Selasa, 29 Juni 2010

Nasehat: ukuran cinta

Apakah anda mencintai saudara anda? Jika ya, maka ukurannya adalah seberapa banyak nasehat ikhlas dan jujur telah anda berikan kepadanya. Sebab menyayangi orang lain berarti menerima tanggung jawab untuk menunjukkan kesalahan mereka. Jika tidak, kecintaan kita hanya di mulut saja, bukan perasaan yang hangat dan sepenuh hati. Benarkah kita mencintai saudara kita jika kita membiarkannya tampil di keramaian dengan wajah yang coreng moreng atau melangkah menuju batu yang akan menggelincirkannya sementara ia tidak menyadarinya. Dalam sebuah hadits dikatakan, ”Tidak beriman seseorang sampai ia menyayangi saudaranya sebagaimana ia menyayangi dirinya sendiri.” (HR. Bukhari dan Muslim).

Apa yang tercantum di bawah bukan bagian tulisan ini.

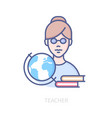 teacher - modern colored line design style icon vector image vector image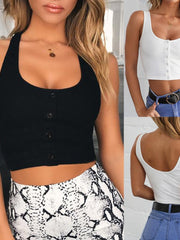 Load image into Gallery viewer, Cropped Tank Top with Buttons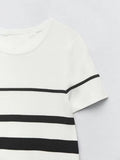 xakxx xakxx- New Femininity Casual Vibrant Sexy Knit High Stretch One Size Short Sleeve Round Neck Striped Midi Dress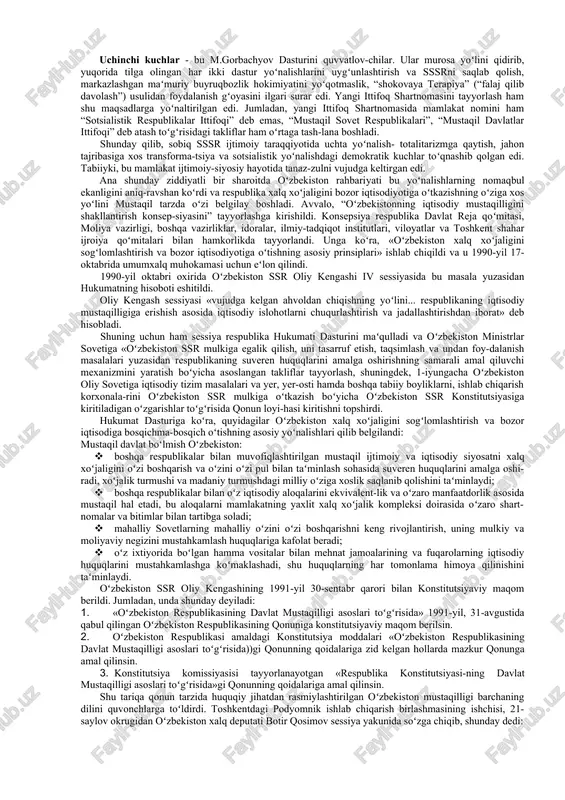 b borayotgan tari​xiy voqelikdir. mustaqillik - tabiatan ongli yashash, ongli munosabatni qa​ror toptirish mezoni. ayni paytda u harakatlarning, intilishlar va qobiliyatlarning kuchayishini, doimiy kamolotni taqozo etadigan maʻnaviy-ruhiy, maʻrifiy-axloqiy hodisa. bu, ayniqsa, sobiq ittifoq tarkibidan ajralib chiqqan, mustamlakachilik azobini koʻrgan mus​taqil mamlakatlar, xususan oʻzbekiston hayotida muhim ahamiyat kasb etadi. nima uchun? totalitar tuzum davrida davlat mamlakat boshqaruv tizimidan tortib alohida-alohida shaxslarning kundalik turmushiga va istiqbo-liga daxldor boʻlgan har qanday katta-kichik masalalarni hal etishni oʻz zimmasiga olgani uchun mehnatkash xalq moddiy va fikriy boqimandalik kayfiyatiga duchor boʻlgan edi. u faqat ishlash huquqiga ega edi, xolos. mehnat deb atalgan hissiz mashinaning murvatiga aylanib qolgan edi. ertadan kechgacha mehnat qilasan, mehnating-ga yarasha ochdan oʻlmaslikka u etadigan haqqingni olasan, tamom-vassalom. bu - sobiq ittifoqda qonun kuchiga ega boʻlgan davlat siyosati edi. odamzod shunchaki ishlar, shunchaki umr kechirardi, xolos. tiriklik degan buyuk neʻmatning, hayot degan oliy tushun-chaning magʻzini chaqishga oʻzida ragʻbat ham, ehtiyoj ham sezmas edi. …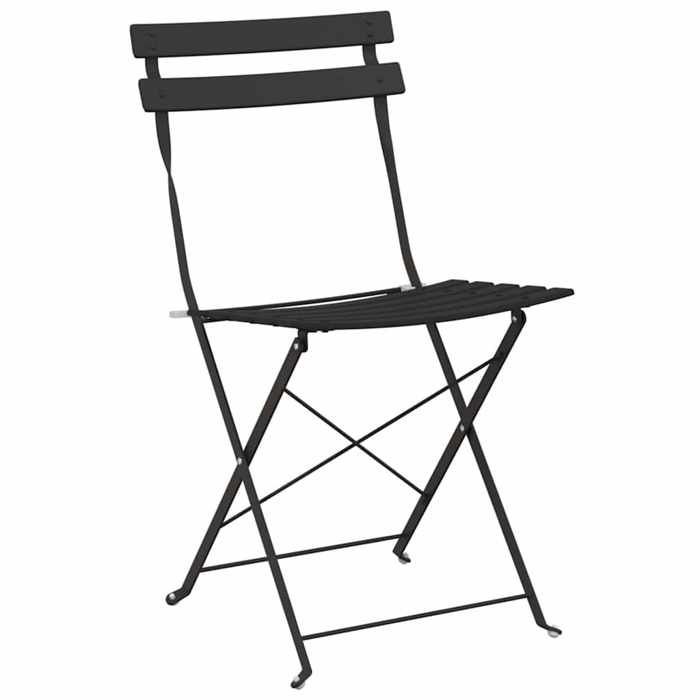 Folding bistro set - BURKE - Anthracite - Steel - 3 pieces - Folding table - Folding chairs - 50x50x71 cm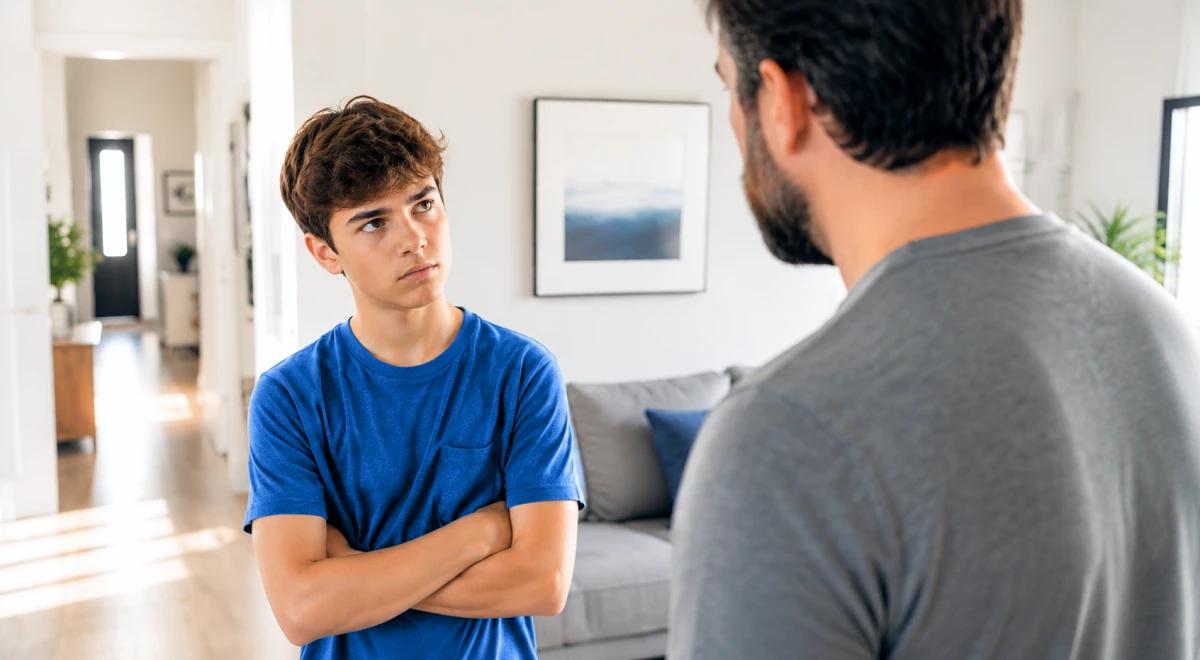 Teenage boy with crossed arms looking defensive while an adult man talks to him in a bright modern living room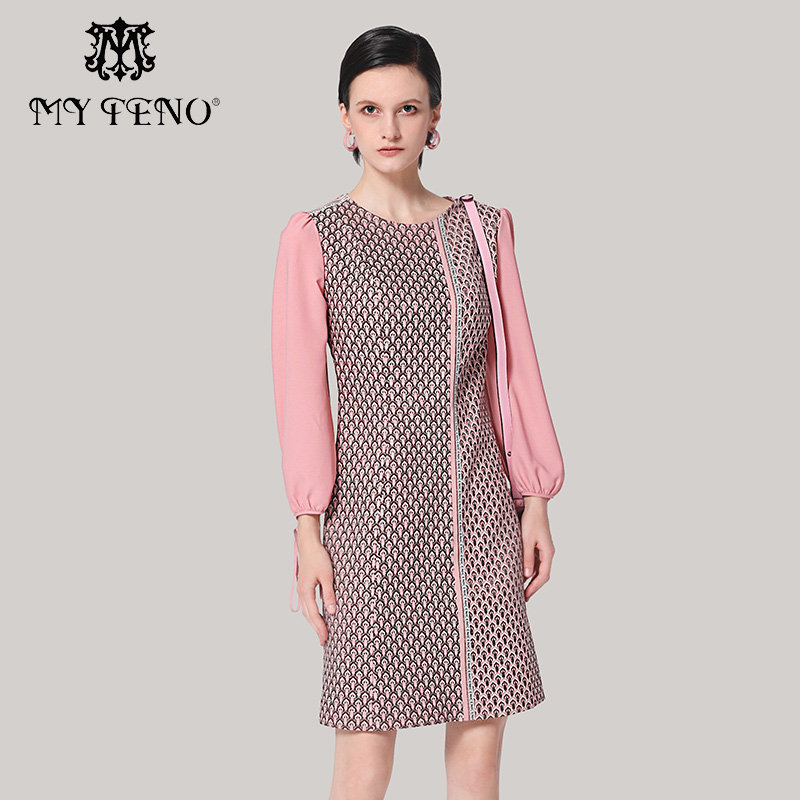 专柜正品马天奴女秋冬新款粉色提花收腰连衣裙气质裙子流行时尚,女装/女士精品,连衣裙,淘宝优惠券,粉丝福利购,淘宝优惠卷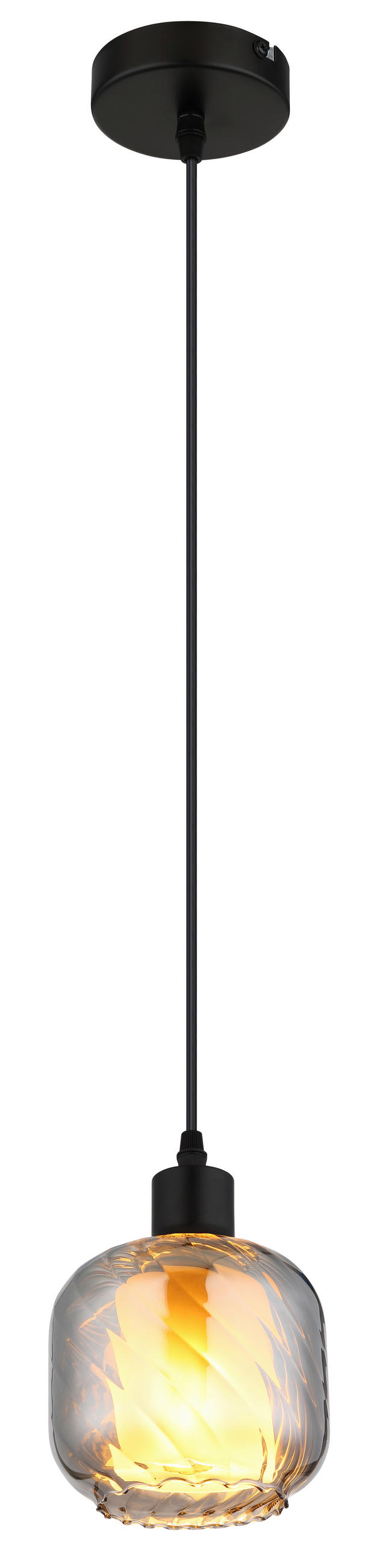 HÄNGELEUCHTE XIA 14/120 cm   - Opal/Schwarz, Design, Glas/Kunststoff (14/120cm) - Globo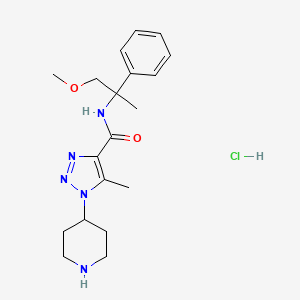 molecular formula C19H28ClN5O2 B6944583 N-(1-methoxy-2-phenylpropan-2-yl)-5-methyl-1-piperidin-4-yltriazole-4-carboxamide;hydrochloride 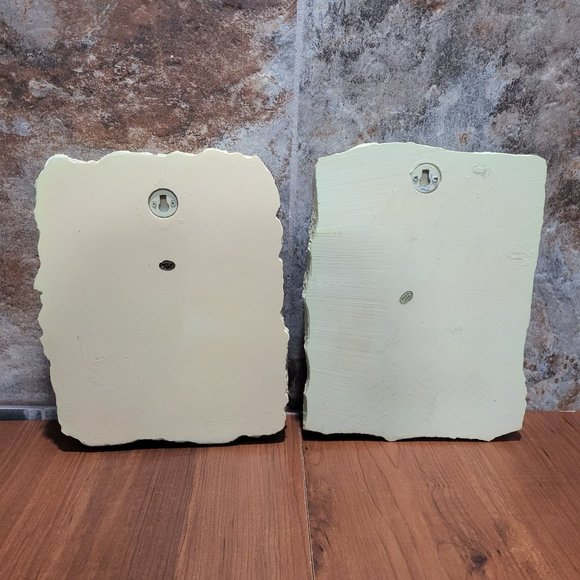 Botanical Clay Flower Dragonfly Art Wall Sculpture Plaster Cream Tile - Picture 3 of 14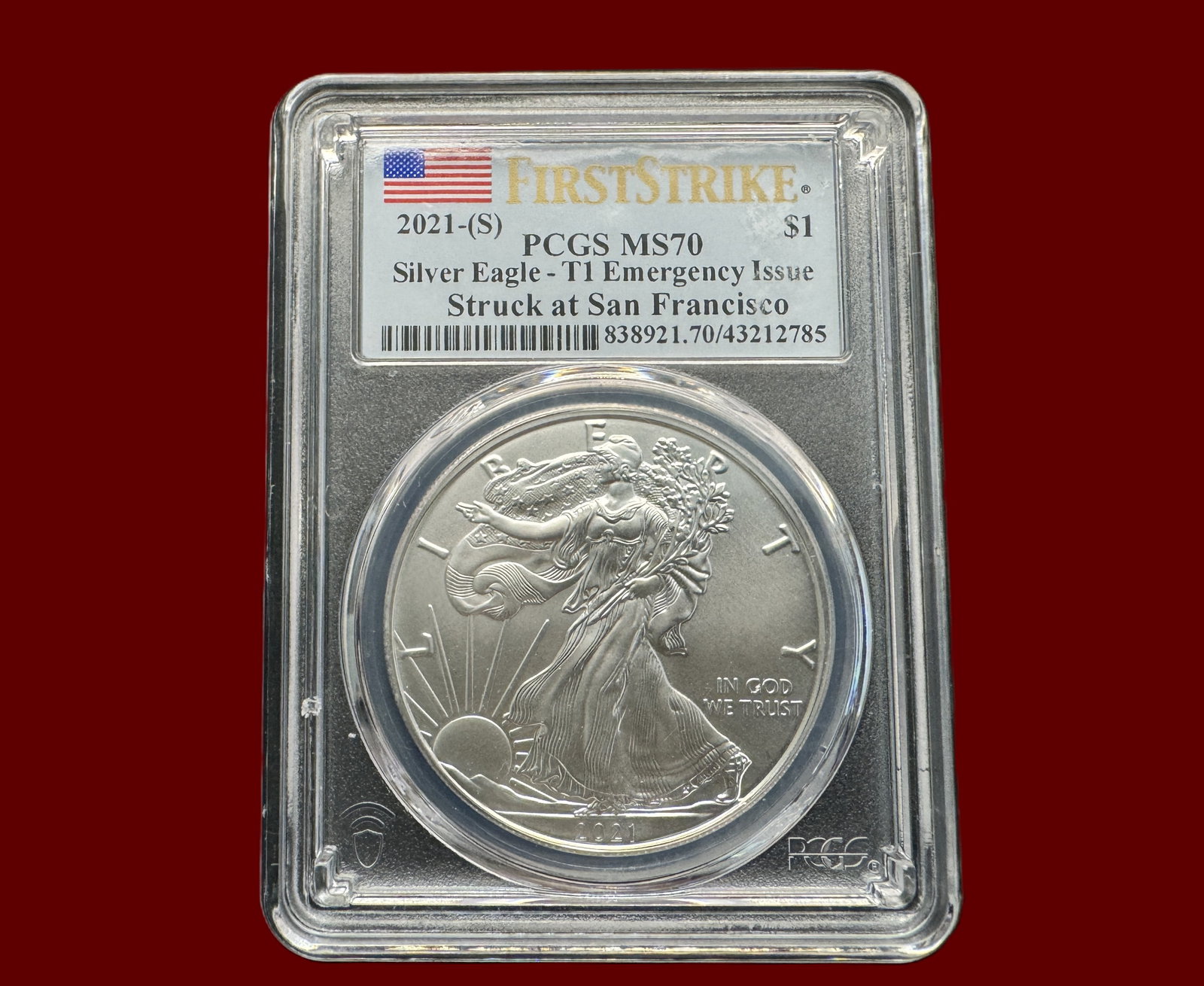 First Strike PCGS MS70 Silver Eagle T1 Emergency Issue 2021 S (1 of 2)
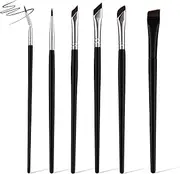 6pcs Angled Eyeliner Brush, Precision Eyeliner Eyebrows Eyeshadows Makeup Brush Set Fine Angled Eyeliner Brush Set Ultra Flat Thin Brush for Beauty Cosmetic Tool makeup
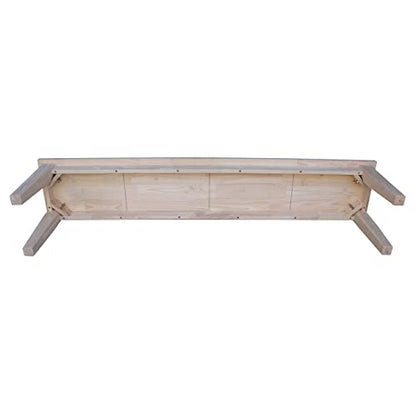 IC International Concepts International Concepts Shaker Style Unfinished Bench, 72" x 14" x 18" - WoodArtSupply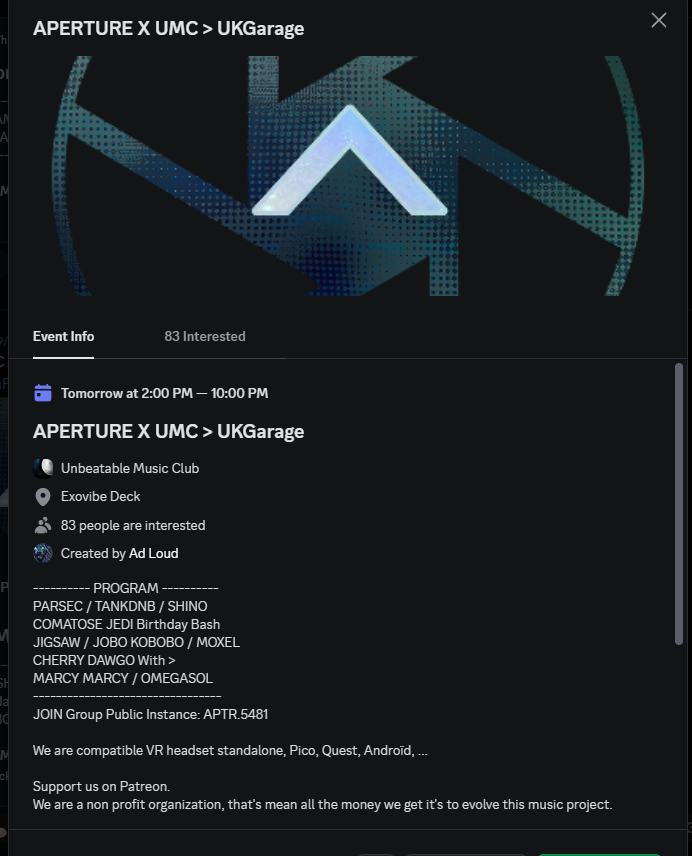 APERTURE event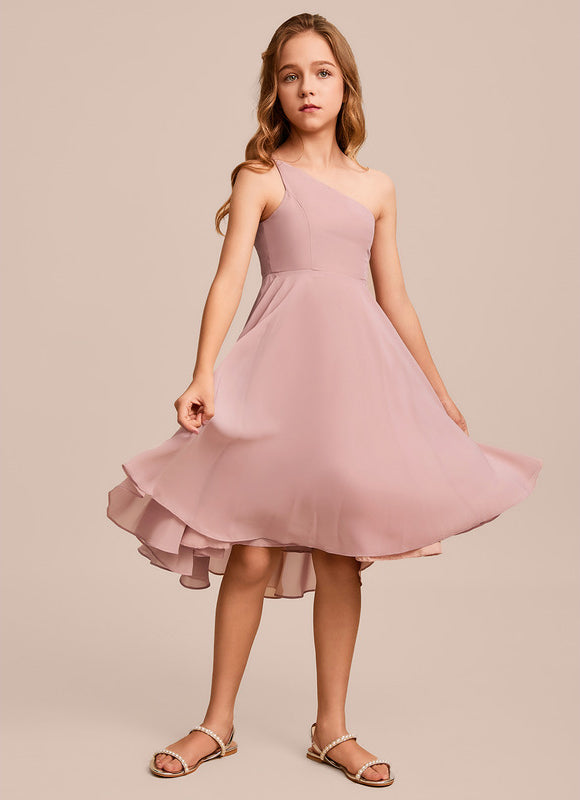 Robe Asymétrique En Mousseline Légère - gallery 3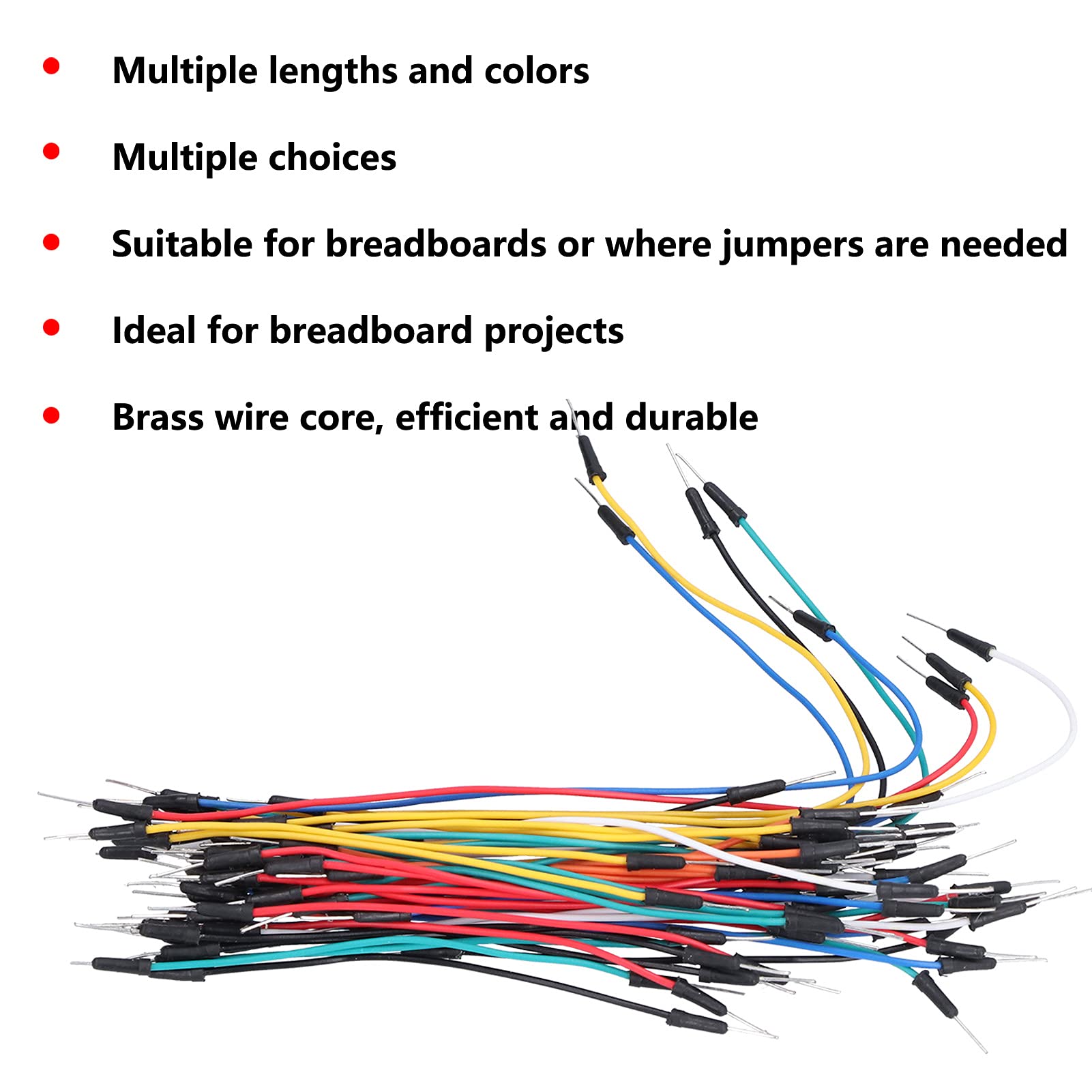 65Pcs Multicolor Breadboard Jumper Wires Kit - Durable for DIY Electronics Projects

Demikian pula, kita harus melatih mental dan perasaaan, bahwa menerima nasehat adalah menerima uluran cinta kasih dari saudara kita. Semakin banyak –secara proporsional- kita mendapatkan nasehat, apalagi dari orang-orang terdekat, maka itu artinya mereka semakin menyayangi kita.

Tidak sulit menerima logika di atas jika kita memahami bahwa sesungguhnya nasehat itu adalah umpan balik atas sikap, perilaku atau tindakan yang telah kita lakukan. Sebagai manusia yang memiliki kemampuan terbatas, kita sulit meneliti dan memeriksa diri kita saat melakukan perbuatan. Seringkali kita tidak tahu dan tidak sadar bahwa telah terjadi kesalahan atau kelalaian didalamnya yang bisa saja menimbulkan hal-hal yang tidak menyenangkan bagi orang lain. Selain itu, sesungguhnya dalam diri kita ada dinamika kepribadian dan fluktuasi keimanan seiring dengan kompleksitas ujian hidup yang mungkin saja membuat kita jatuh pada kesalahan.

Benarlah perkataan Umar yang melihat teguran kesalahan sebagai hadiah berharga. Sikap ini perlu dikembangkan, terutama demi meningkatkan ketahanan dan soliditas keluarga muslim, agar dapat mengeliminir tarikan ego yang cenderung ingin menang sendiri. Sifat ini adalah kebalikan sifat mementingkan diri sendiri, seperti yang dianut masyarakat materialistis. Mereka hanya mementingkan diri sendiri. Tujuan hidup mereka adalah kebebasan pribadi untuk kepuasan nafsu. Mereka tidak perlu memberitahu orang lain akan kesalahan dan kelalaiannya.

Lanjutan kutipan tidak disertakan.